The latest Market Talks covering FX and Fixed Income. Published exclusively on Dow Jones Newswires throughout the day.
1147 ET - The situation in Iran is precarious and could escalate following the collapse of Trump's ceasefire, meaning prices for consumer goods could remain elevated for longer than expected JPMorgan analysts Richard Shane and Hong Zhang say in a research note. Any price change could lag the decline in underlying oil prices. And the resumption of fighting reintroduces a risk of energy price spikes that would squeeze lower- and middle-income consumers most acutely, the analysts say. They believe the full impact of these geopolitical shocks on the real economy has yet to be realized. Two forces compounding the geopolitical risk is a cooling labor market and an upward shifting rate outlook, the analysts say. (dean.seal@wsj.com)
1120 ET - Investors should brace for rising Treasury yields, especially in shorter-term notes, Bank of America's Meghan Swiber and Eleanor Xiao write. They say foreign demand for U.S. government debt is softening and traders currently betting on falling yields are bound to reverse their positions. The expected repricing could gather momentum this week if inflation beats forecasts. Swiber and Xiao add, however, that fund inflows offset some of the headwinds. The 10-year yield is at 4.598%, rising on elevated tension in the Middle East and rallying oil prices. (paulo.trevisani@wsj.com; @ptrevisani)

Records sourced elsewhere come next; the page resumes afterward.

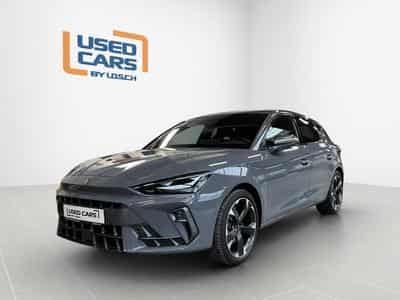 Cupra Leon DSG+Dinamica+Pure-Perf+Int.Drive (2025) - Foto 1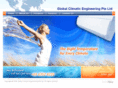 globalclimatic.com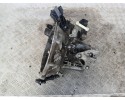 PEUGEOT 2008 208 CITROEN GEARBOX 20CR14 1 2 VTI Catalog number of the part 20CR14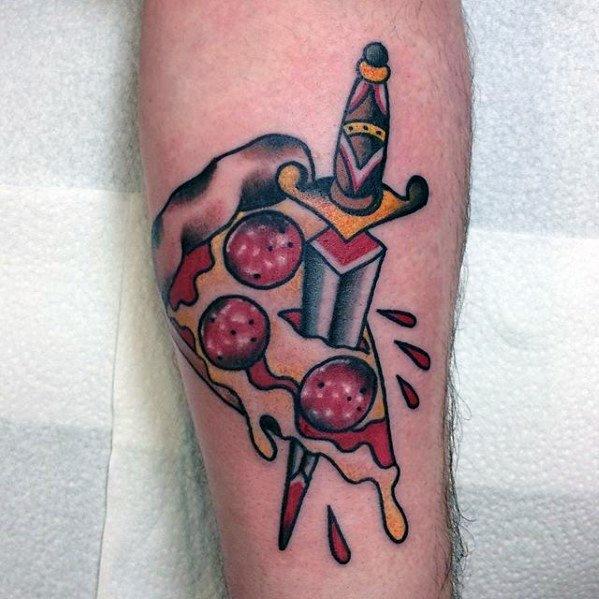 Inksearch tattoo FlameFatale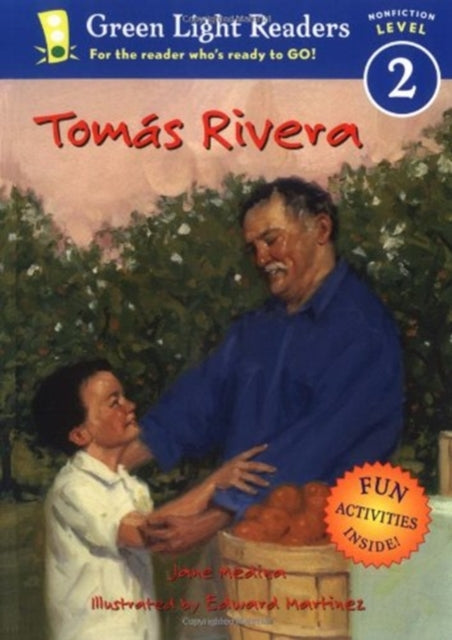 Tomas Rivera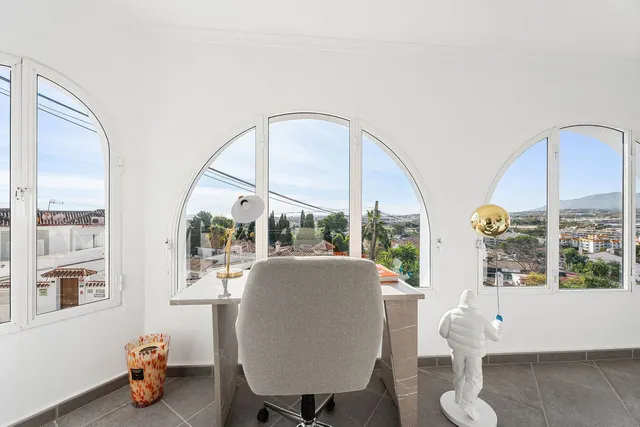 Adosado 3 habitaciones 114m² en venta - Marbella — 15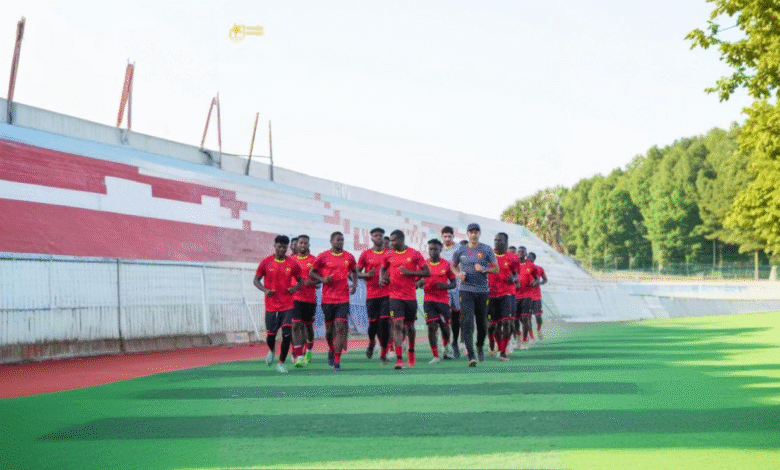 ماهي التدعيمات التي يحتاجها المريخ قبل الدخول في دوري الأبطال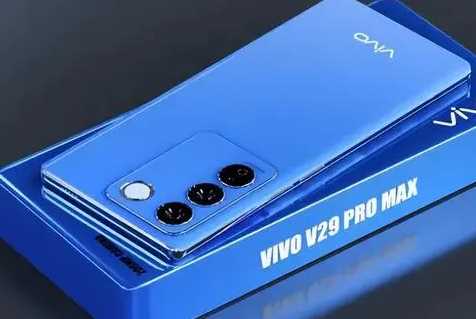 vivo官网-vivo,V29预计在今年8月亮相,pro版预计采用天玑8300芯片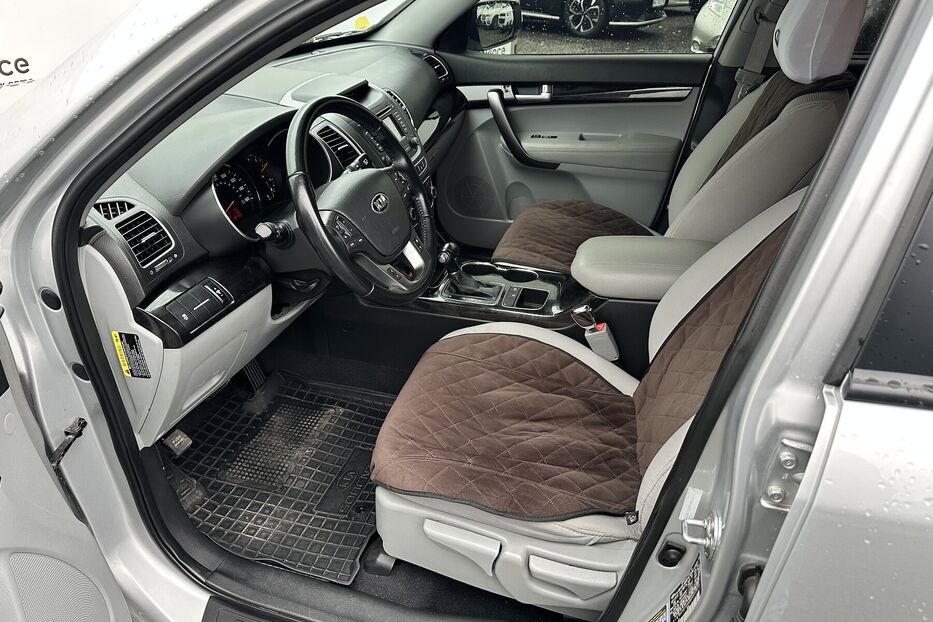 Продам Kia Sorento 2013 року у Луцьку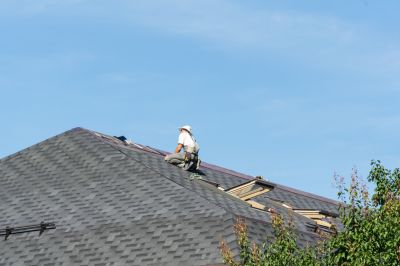 Cost Factors for Roofing Services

1107 ET - Supply of euro-denominated credit by U.S. companies could reach a record high of 120 billion euros in 2026, ING strategists say in a note. The euro credit market provides a cost-saving advantage over the U.S. dollar credit market, leading to more issuance in the euro market, they say. "We argue that 120 billion euros won't put too much pressure on the market and should not crowd out the European issuers." (miriam.mukuru@wsj.com)
1048 ET - Bitcoin managed to stay rangebound last week, between the $62,000 to $64,000 range, according to data from CoinGlass. That's even with ongoing concerns surrounding the global inflation picture and bitcoin's viability amid sales of bitcoin announced by Strategy, owner of the largest bitcoin treasury in the world. "Bitcoin was tested from every direction last week," says analysts with Bitfinex, noting that the relatively narrow range that bitcoin traded at should be encouraging for investors. That said, the sentiment around inflation globally looks to keep bitcoin's movement to the upside limited, says the firm. Bitcoin is down 2.6% to $62,496. (kirk.maltais@wsj.com)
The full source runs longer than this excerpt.